# Best Lump Charcoal



## marty catka

I've been reading here a lot about using a good quality lump charcoal.  What do you all consider "good quality" lump?  So far locally for me, SE Michigan, I've seen Cowboy Lump and a store brand offered by Gordon Food Service. 
What is "Good quality" lump and what brands should I look for?  I'll be seasoning a new CG soon and want to start cooking in it right.


----------



## fire it up

I could be wrong but I think Cowboy was the brand where people would find plywood and gloves and nails and stuff like that in their bags.
If I'm right someone actually did a thread on here once about the weirdest things you found in a bag.
Though not lump I always thought Stubb's made the best all natural hardwood charcoal on the market.


----------



## mballi3011

I have talked to folks at the gas store where I get my gas and they really do have a bunch of differant grilling/smoking ideas too.

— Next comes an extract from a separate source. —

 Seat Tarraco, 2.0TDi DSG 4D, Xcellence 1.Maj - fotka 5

But they probally have a wall of bags of charcaol about 6' tall and 6'-8' long of the Cowboy Brand charcoal. Thay say it would last a month around where we live.


----------



## bbally

Though not a true lump, I use Royal Oak almost exclusively.  I really like it under the hickory for the heat and smoke they produce.


----------



## rbranstner

Here is a link I found it has tons of info on lump wood. It gives reviews on all kinds of brands, gives you average burn time and lots more. Hopefully you will find some good info here. 

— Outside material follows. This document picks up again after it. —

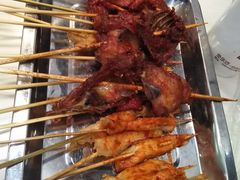 -金乐活美食(中街店)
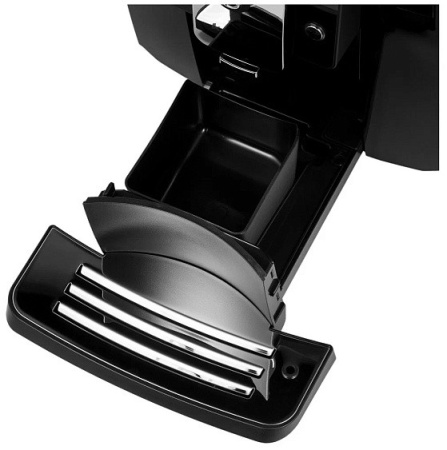 Кофемашина KAFFIT KLM 1601 black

http://www.nakedwhiz.com/lump.htm


----------



## marty catka

Thanks for the link.  Lots of good info there.  This will keep me busy for a while.


----------



## bob the noob

Very nice link!  It's amazing that someone goes through that much trouble to review charcoal... but very useful info!


----------



## chisoxjim

I prefer Royal Oak, but in the winter I take what I can get.

I have found crap in both Cowboy & Royal Oak bags.


----------



## hog warden

Almost all charcoal in the US is made from oak and hickory (mainly oak), which starts out as slabs cut off logs at the sawmills. Slabs being the outside edge you cut off to take a round log to square for dimension lumber. These long slabs are then bundled and stacked into large sheds (kilns) where they are heated and turned into charcoal.

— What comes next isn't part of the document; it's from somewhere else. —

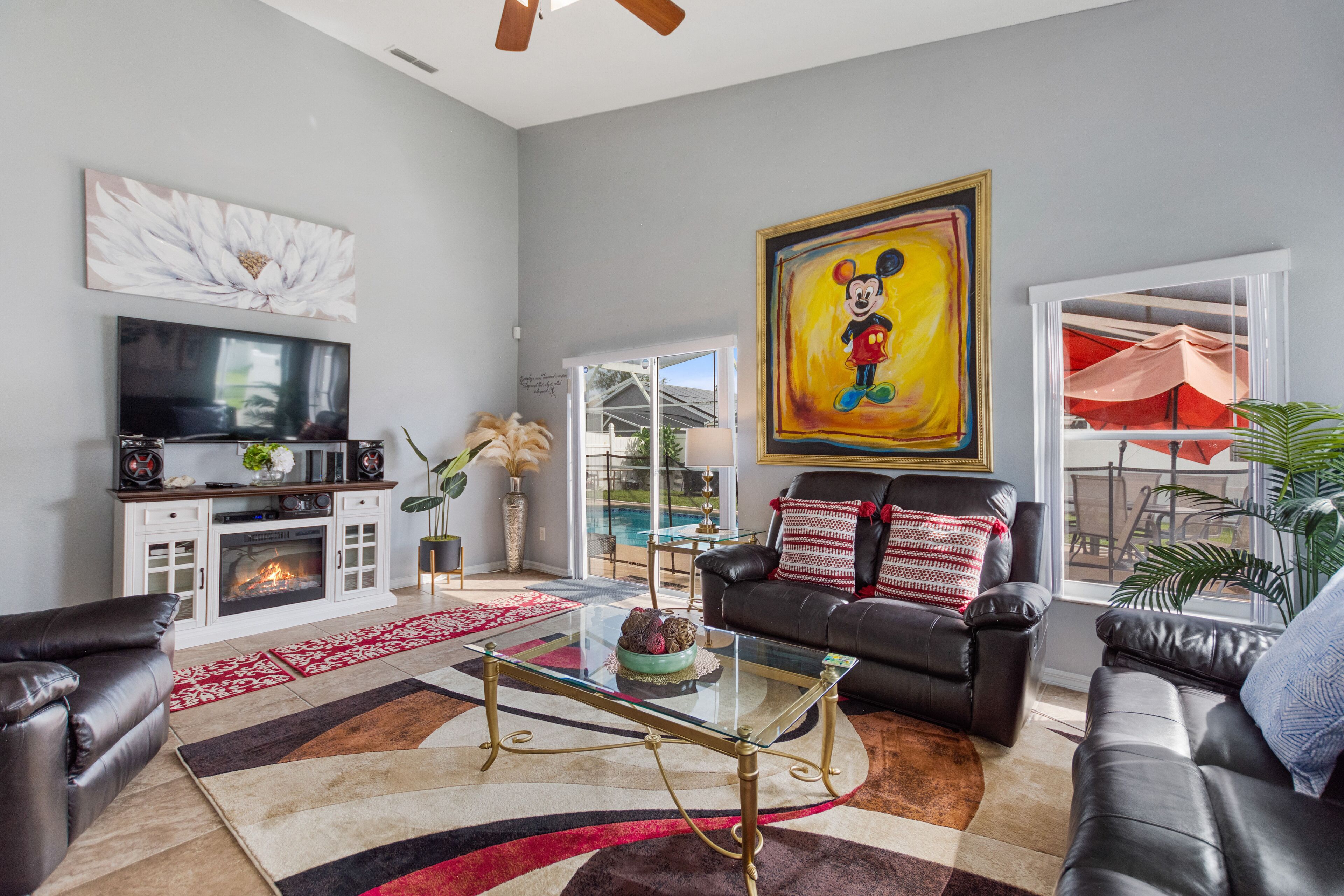 ORLANDO AREA  HOUSE NEAR DISNEY W/ POOL DECK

Taken directly from the kiln and broken down into small pieces and bagged, you have lump, which is 100% charcoal. Rocks and other stuff are part of the process of loading and handling this stuff with highloaders. A lot of it done on gravel lots vs. concrete floors. 

Briquettes are made from the same lump charcoal, but ground to a fine dust, then mixed with sand, sawdust and other binders in a wet slurry, then pressed into shape. They are not 100% charcoal, but have those fillers and binders. Convenient and consistent, but not the quality of lump. Less heat and more ash and residue when you are done.

Each kiln and charcoal maker may make and bag for dozens of labels, so brand isn't all that important. For dutch ovens, briqs are the way to go due to their consistent size and burn rate. 

Over the long haul, I've always found Royal Oak to have less fillers than say Kingsford and most store brands made to the Kingsford mix. So the RO burned hotter and longer. 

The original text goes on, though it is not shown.